The pattern of Christ’s taking, blessing, breaking, and giving is established in this story first, the only miracle to be recorded in all 4 Gospels. In feeding the multitudes, Jesus provides a peek into the way He will feed even more through His death, resurrection, and ascension.

Our son A. loves to sing these 4 phrases as a sort of song: “He took it! He blessed it! He broke it! He gave it!” Yes, we taught him these 4 phrases. But what we didn’t teach him was a 5th phrase that he sometimes tacks on the end: “They ate it!!”

And this is a pretty crucial component, isn’t it?

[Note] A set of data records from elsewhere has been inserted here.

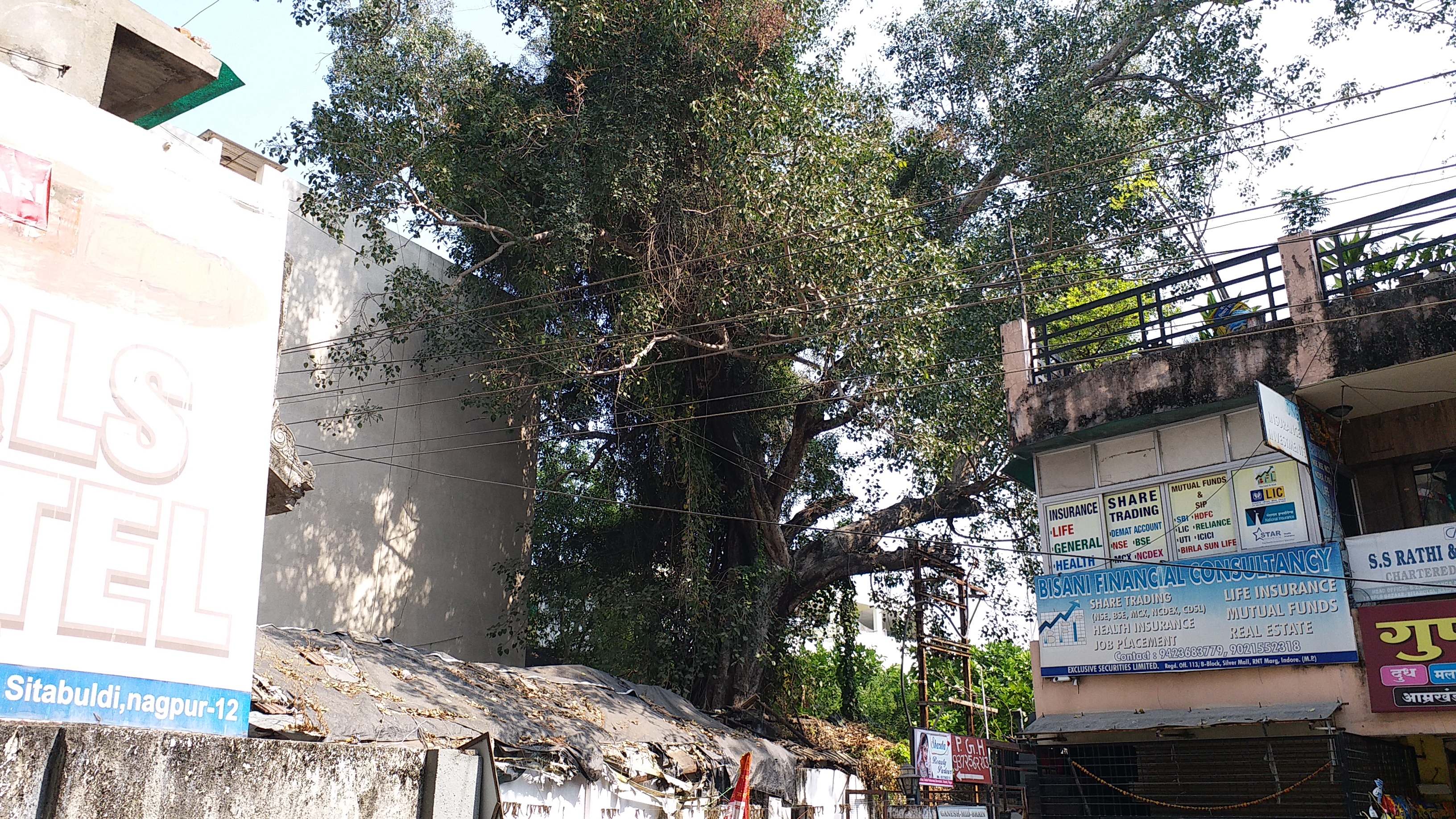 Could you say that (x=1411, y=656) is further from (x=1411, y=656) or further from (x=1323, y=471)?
(x=1323, y=471)

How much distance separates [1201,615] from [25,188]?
10646 millimetres

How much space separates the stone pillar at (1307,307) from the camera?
10.6 metres

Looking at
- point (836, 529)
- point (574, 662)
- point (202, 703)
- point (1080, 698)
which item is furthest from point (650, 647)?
point (202, 703)

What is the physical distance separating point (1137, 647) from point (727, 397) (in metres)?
8.10

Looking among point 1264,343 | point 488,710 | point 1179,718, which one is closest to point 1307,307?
point 1264,343

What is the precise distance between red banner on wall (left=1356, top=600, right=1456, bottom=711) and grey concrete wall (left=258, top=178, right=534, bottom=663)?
12.5 metres

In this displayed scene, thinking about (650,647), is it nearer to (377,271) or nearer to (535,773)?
(535,773)

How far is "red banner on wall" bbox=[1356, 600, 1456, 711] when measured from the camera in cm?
920

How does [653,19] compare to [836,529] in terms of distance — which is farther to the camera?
[836,529]

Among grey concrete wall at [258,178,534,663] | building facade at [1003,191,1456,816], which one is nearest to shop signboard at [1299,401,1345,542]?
building facade at [1003,191,1456,816]

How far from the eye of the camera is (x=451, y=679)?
1143 centimetres

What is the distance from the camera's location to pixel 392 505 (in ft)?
54.5

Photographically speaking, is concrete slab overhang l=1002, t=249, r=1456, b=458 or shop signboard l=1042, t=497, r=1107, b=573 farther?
shop signboard l=1042, t=497, r=1107, b=573

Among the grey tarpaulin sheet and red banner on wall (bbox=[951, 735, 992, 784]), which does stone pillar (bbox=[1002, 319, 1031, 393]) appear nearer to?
red banner on wall (bbox=[951, 735, 992, 784]) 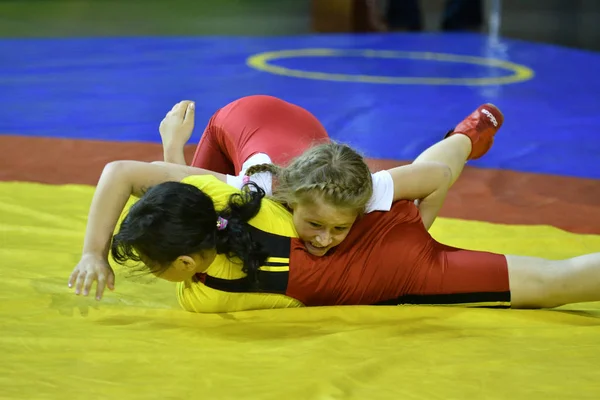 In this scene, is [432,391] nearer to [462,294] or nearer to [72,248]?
[462,294]

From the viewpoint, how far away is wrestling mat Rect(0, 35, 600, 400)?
185 cm

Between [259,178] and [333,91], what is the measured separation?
3.53 meters

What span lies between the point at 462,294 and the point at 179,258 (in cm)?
75

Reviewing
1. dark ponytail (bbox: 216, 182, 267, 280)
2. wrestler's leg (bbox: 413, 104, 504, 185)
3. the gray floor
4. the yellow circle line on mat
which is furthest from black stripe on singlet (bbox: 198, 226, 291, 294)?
the gray floor

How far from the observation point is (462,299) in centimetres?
236

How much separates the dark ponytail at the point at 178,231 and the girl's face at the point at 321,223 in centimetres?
12

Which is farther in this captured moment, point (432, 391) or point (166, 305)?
point (166, 305)

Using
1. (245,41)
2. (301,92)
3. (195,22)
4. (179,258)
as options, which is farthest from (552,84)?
(195,22)

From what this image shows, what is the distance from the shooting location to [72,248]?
9.09ft

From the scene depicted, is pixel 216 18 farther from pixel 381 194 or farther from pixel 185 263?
pixel 185 263

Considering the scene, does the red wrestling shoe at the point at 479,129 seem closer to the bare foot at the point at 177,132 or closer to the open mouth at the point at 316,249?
the bare foot at the point at 177,132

It’s Thursday night, so we celebrated communion as a family tonight. Last week I was out of town so we weren’t together on Thursday, and the week before that our communion time was an utter failure. L. was tired, A. was mad, I lost my composure… it was a mess. So I was really looking forward to tonight, a chance to celebrate– actually celebrate— our time sharing communion together.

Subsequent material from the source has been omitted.